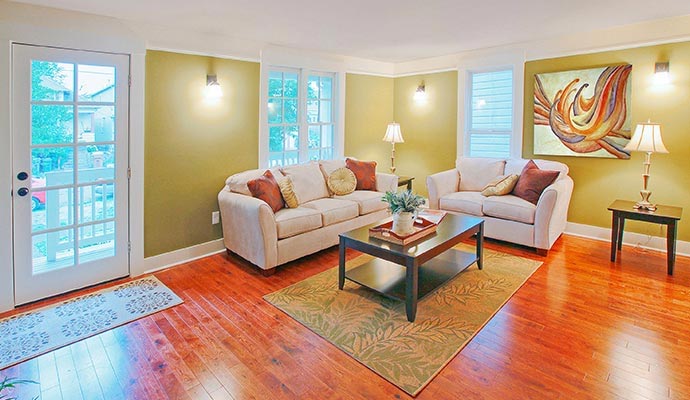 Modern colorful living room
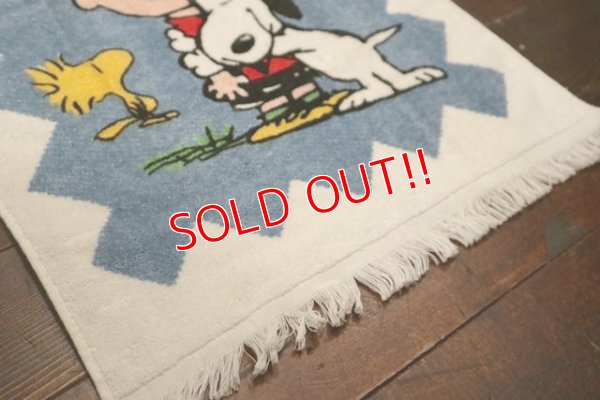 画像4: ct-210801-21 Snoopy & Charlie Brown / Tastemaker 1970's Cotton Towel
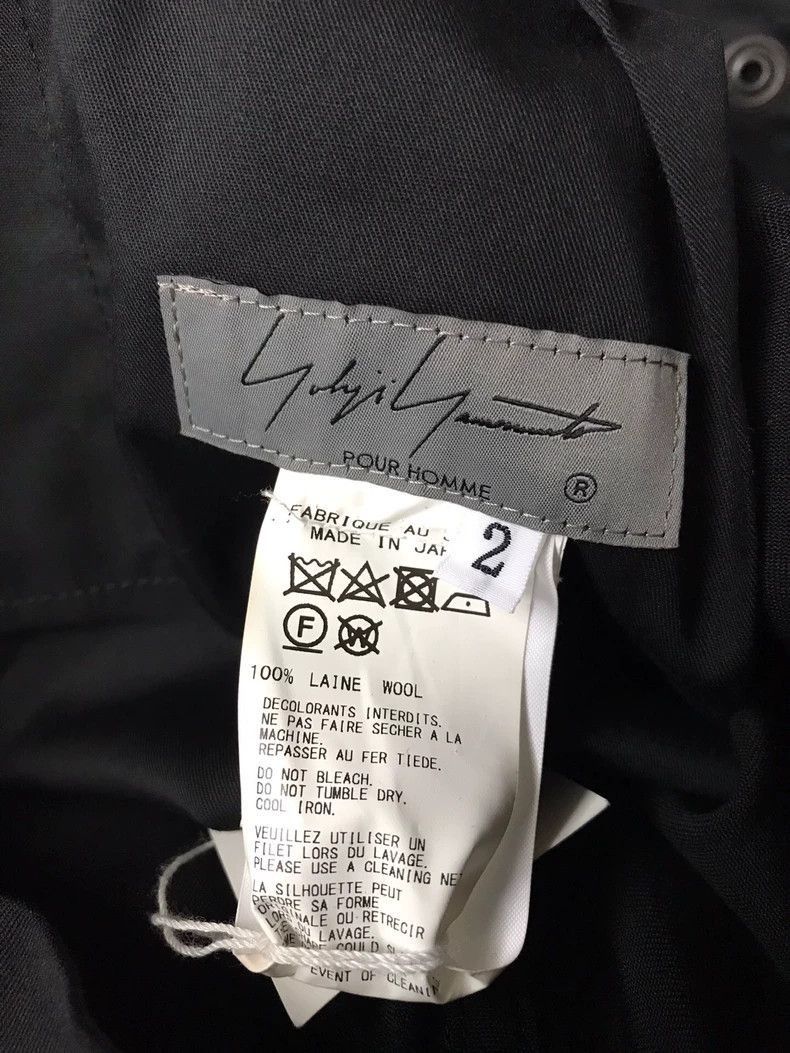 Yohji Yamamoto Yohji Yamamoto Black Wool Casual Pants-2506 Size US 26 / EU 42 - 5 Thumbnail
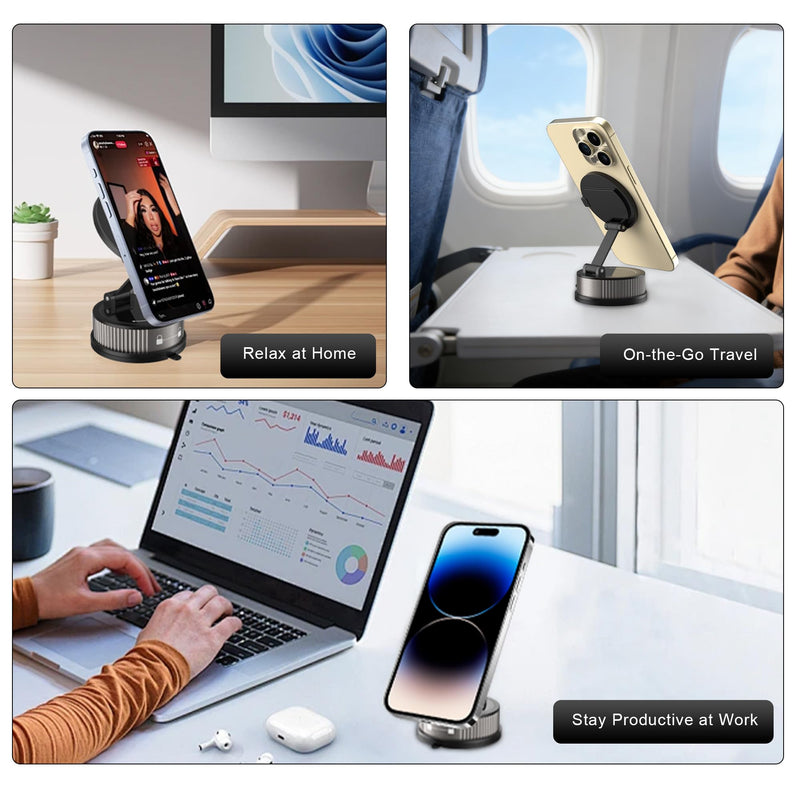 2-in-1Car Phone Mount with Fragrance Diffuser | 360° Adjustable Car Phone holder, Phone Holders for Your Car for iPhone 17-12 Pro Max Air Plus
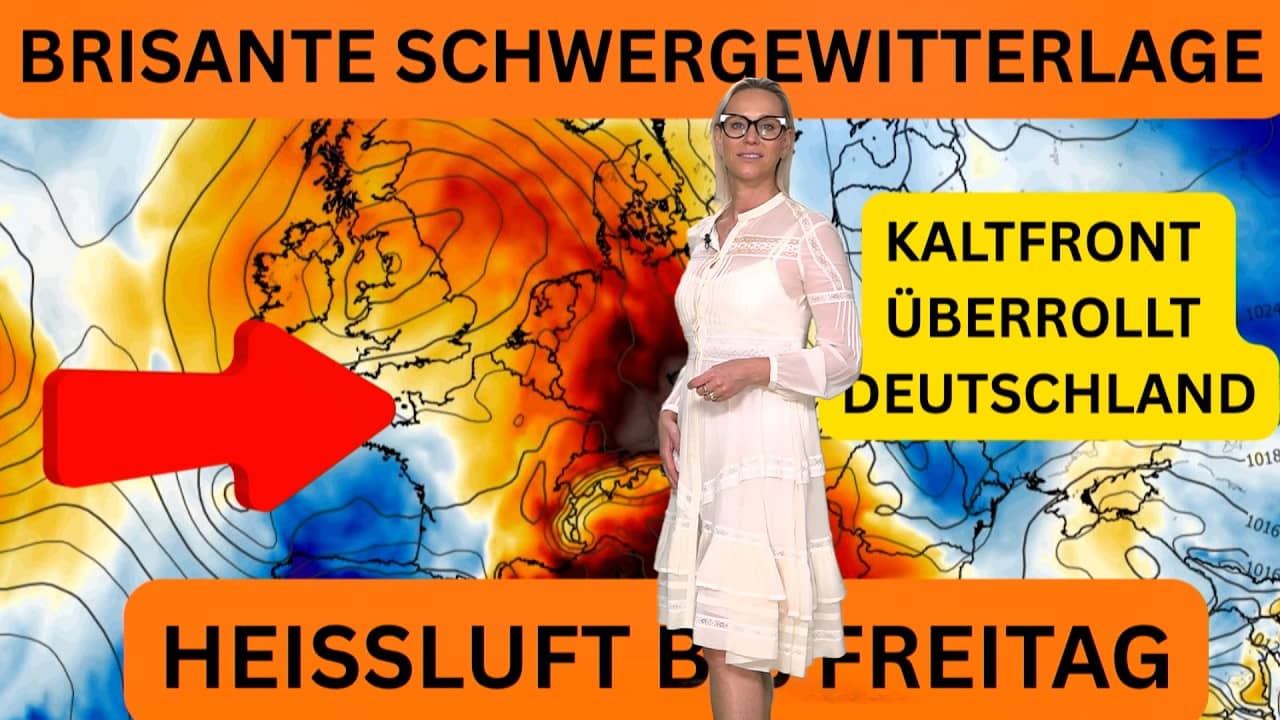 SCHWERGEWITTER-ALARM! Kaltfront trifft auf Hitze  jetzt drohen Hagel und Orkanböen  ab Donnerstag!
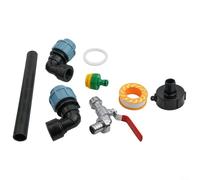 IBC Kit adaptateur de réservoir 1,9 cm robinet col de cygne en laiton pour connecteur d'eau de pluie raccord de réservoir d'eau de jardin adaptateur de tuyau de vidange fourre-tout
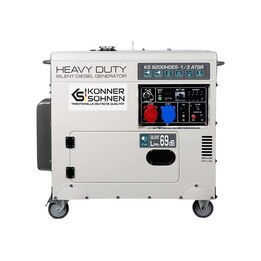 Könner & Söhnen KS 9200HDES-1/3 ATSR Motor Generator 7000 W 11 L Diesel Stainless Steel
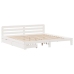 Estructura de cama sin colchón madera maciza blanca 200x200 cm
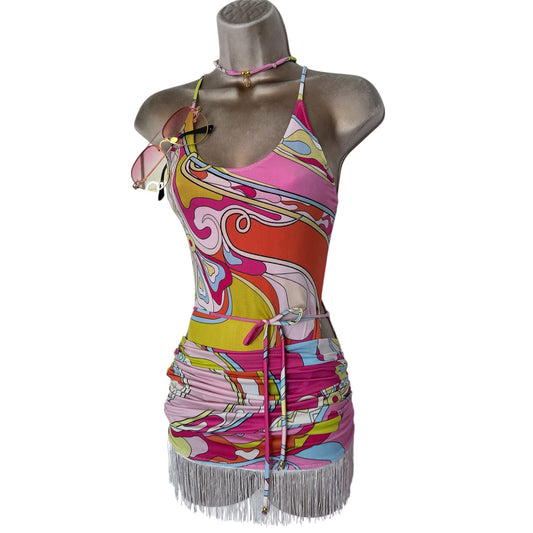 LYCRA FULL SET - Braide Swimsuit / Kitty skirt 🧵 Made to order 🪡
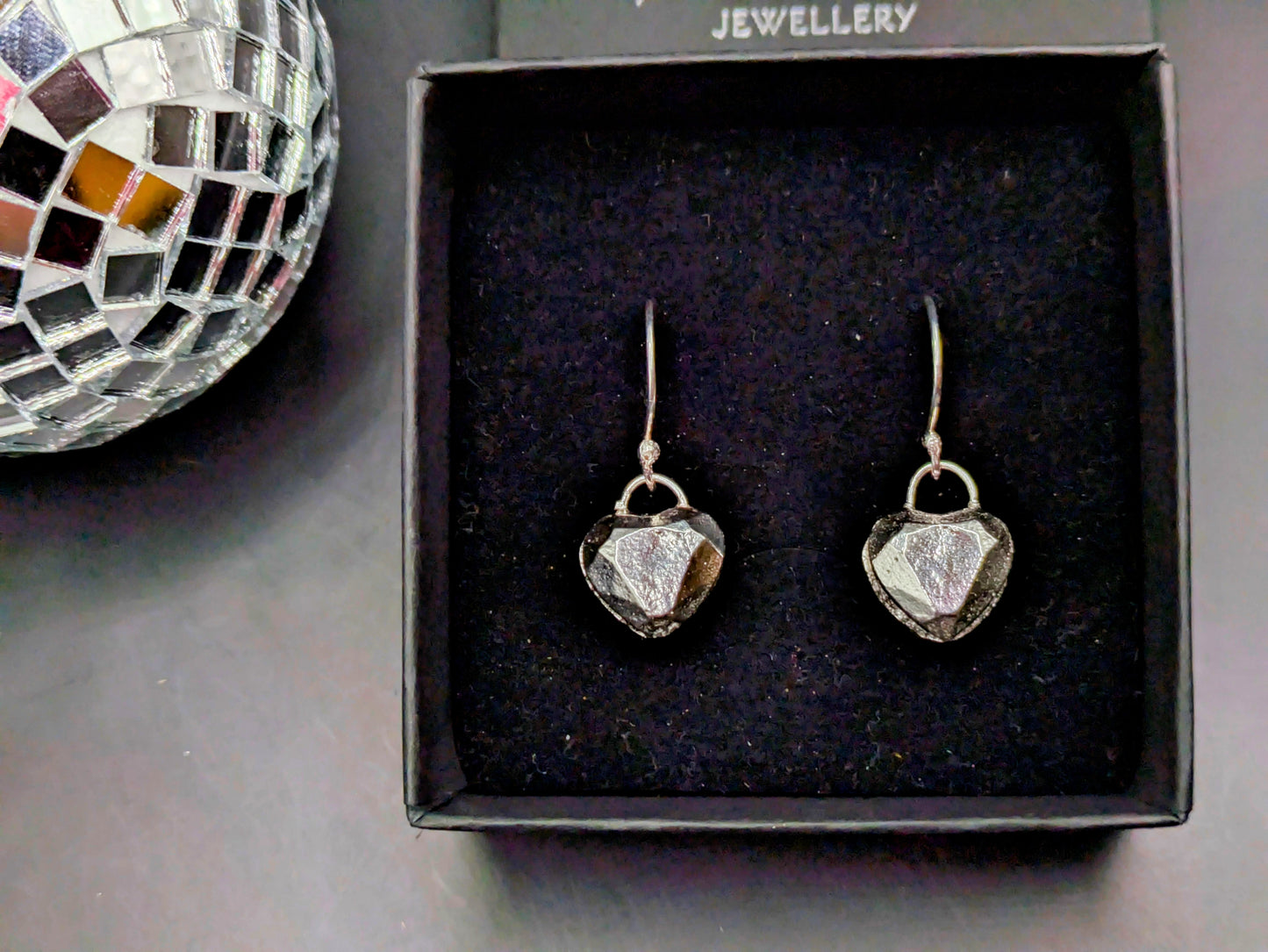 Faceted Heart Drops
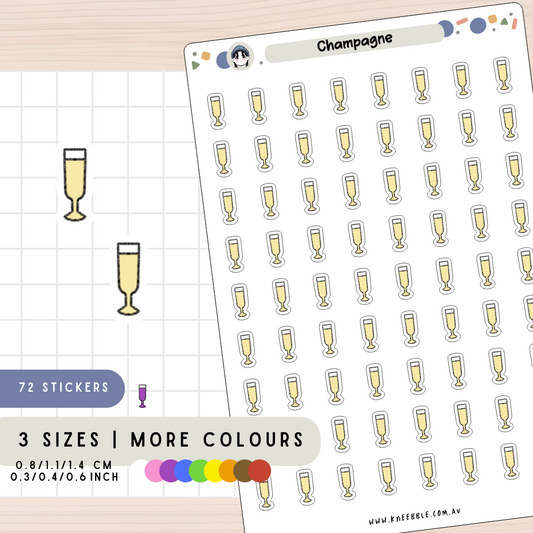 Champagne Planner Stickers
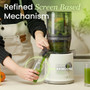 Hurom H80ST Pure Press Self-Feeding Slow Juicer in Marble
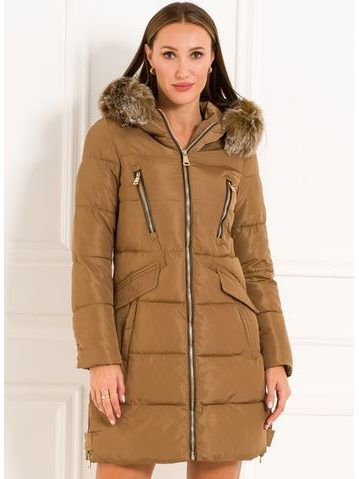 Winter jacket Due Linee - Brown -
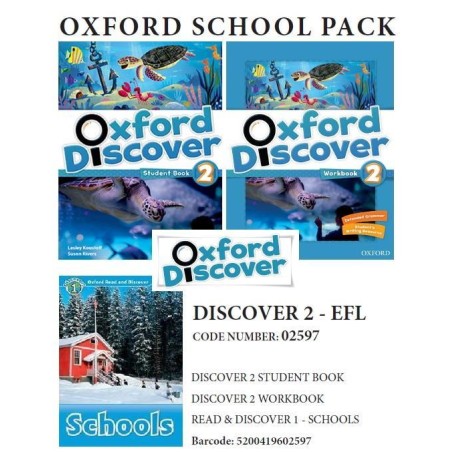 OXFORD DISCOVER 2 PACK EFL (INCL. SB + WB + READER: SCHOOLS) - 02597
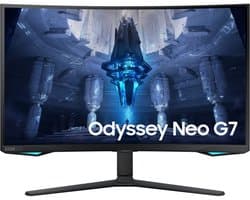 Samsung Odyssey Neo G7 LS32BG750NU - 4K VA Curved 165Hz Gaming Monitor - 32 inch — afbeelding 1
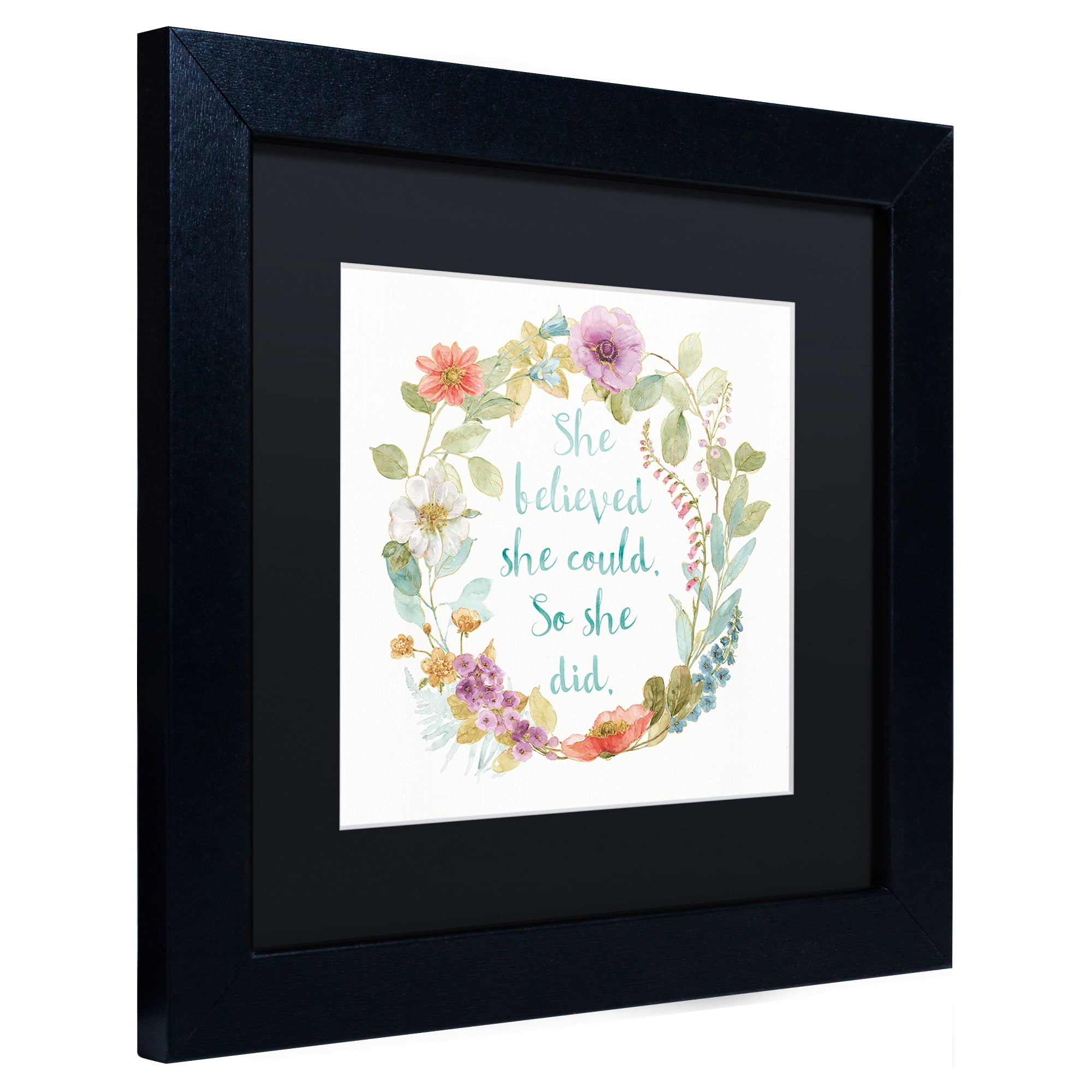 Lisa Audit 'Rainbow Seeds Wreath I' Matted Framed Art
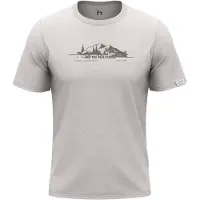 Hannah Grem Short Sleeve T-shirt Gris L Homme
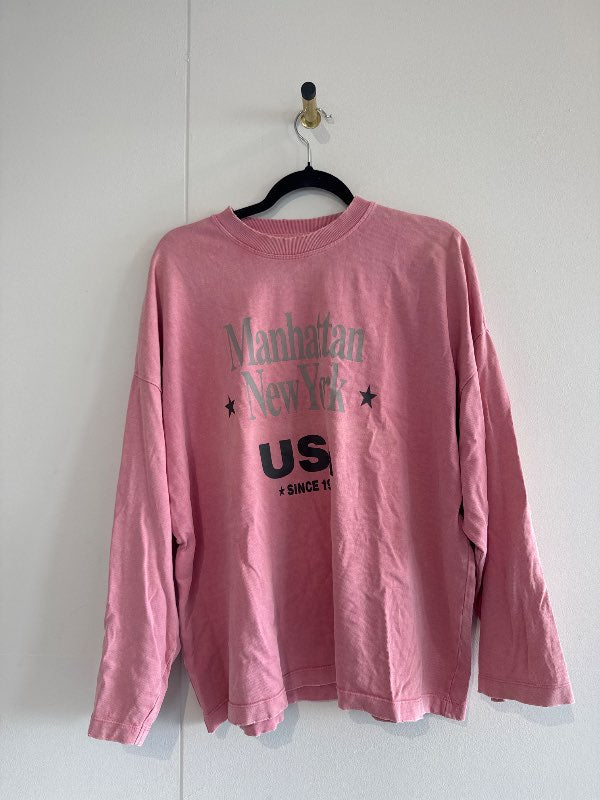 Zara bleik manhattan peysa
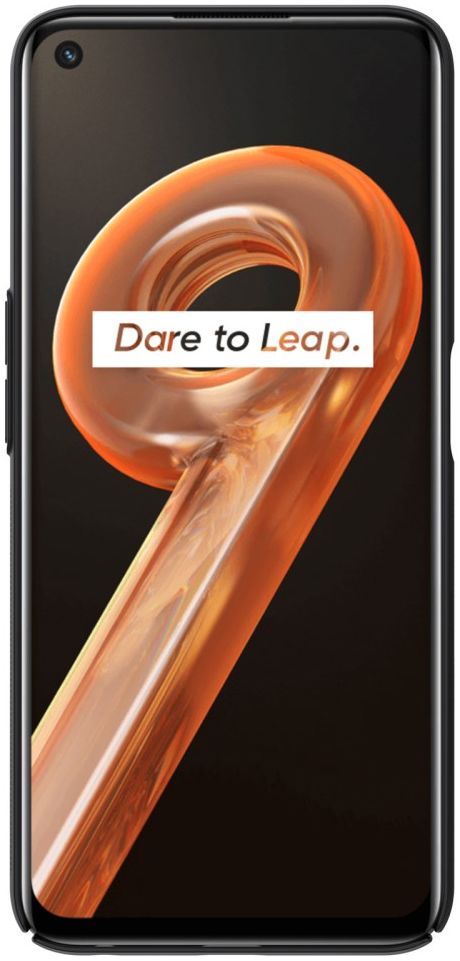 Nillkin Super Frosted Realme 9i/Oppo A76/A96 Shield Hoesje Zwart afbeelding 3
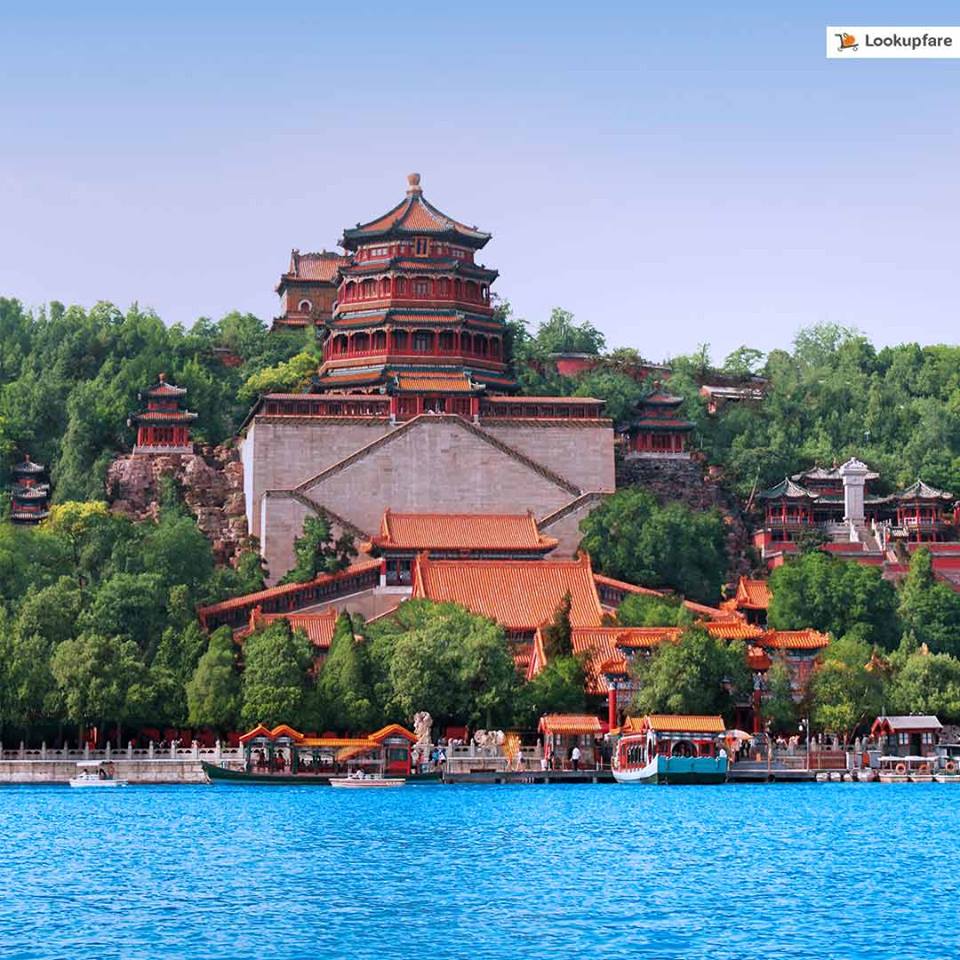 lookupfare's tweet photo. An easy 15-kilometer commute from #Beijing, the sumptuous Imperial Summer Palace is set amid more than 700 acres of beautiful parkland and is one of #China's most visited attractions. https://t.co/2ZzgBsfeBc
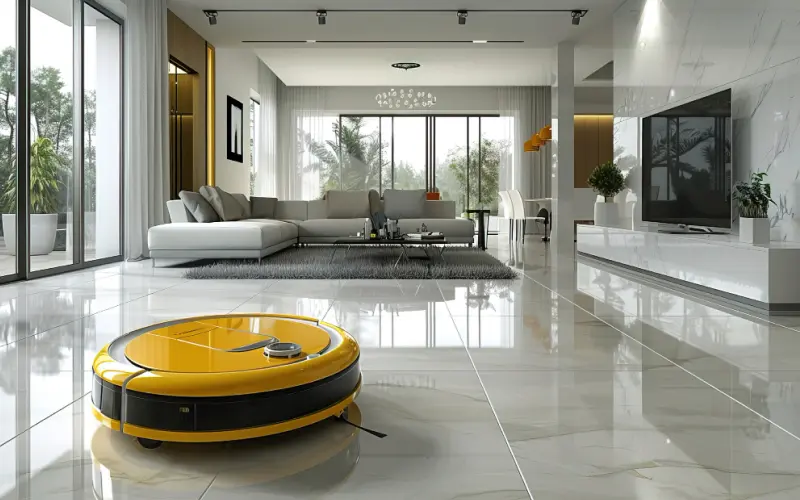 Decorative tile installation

--- Your assignment ---
Leaving the pictures behind, return every line above exactly.

--- Response to the task ---
 Modern colorful living room
 画像4: ct-210801-21 Snoopy & Charlie Brown / Tastemaker 1970's Cotton Towel
 Yohji Yamamoto Yohji Yamamoto Black Wool Casual Pants-2506 Size US 26 / EU 42 - 5 Thumbnail
 2-in-1Car Phone Mount with Fragrance Diffuser | 360° Adjustable Car Phone holder, Phone Holders for Your Car for iPhone 17-12 Pro Max Air Plus
 SCHWERGEWITTER-ALARM! Kaltfront trifft auf Hitze  jetzt drohen Hagel und Orkanböen  ab Donnerstag!
 IBC Kit adaptateur de réservoir 1,9 cm robinet col de cygne en laiton pour connecteur d'eau de pluie raccord de réservoir d'eau de jardin adaptateur de tuyau de vidange fourre-tout
 Könner & Söhnen KS 9200HDES-1/3 ATSR Motor Generator 7000 W 11 L Diesel Stainless Steel
 Estructura de cama sin colchón madera maciza blanca 200x200 cm
 LYCRA FULL SET - Braide Swimsuit / Kitty skirt 🧵 Made to order 🪡
 Faceted Heart Drops
 Champagne Planner Stickers
 Hurom H80ST Pure Press Self-Feeding Slow Juicer in Marble
 Winter jacket Due Linee - Brown -
 OXFORD DISCOVER 2 PACK EFL (INCL. SB + WB + READER: SCHOOLS) - 02597
 Samsung Odyssey Neo G7 LS32BG750NU - 4K VA Curved 165Hz Gaming Monitor - 32 inch — afbeelding 1
 Lisa Audit 'Rainbow Seeds Wreath I' Matted Framed Art
 Hannah Grem Short Sleeve T-shirt Gris L Homme
 Zara bleik manhattan peysa
 Nillkin Super Frosted Realme 9i/Oppo A76/A96 Shield Hoesje Zwart afbeelding 3
 lookupfare's tweet photo. An easy 15-kilometer commute from #Beijing, the sumptuous Imperial Summer Palace is set amid more than 700 acres of beautiful parkland and is one of #China's most visited attractions. https://t.co/2ZzgBsfeBc
 Decorative tile installation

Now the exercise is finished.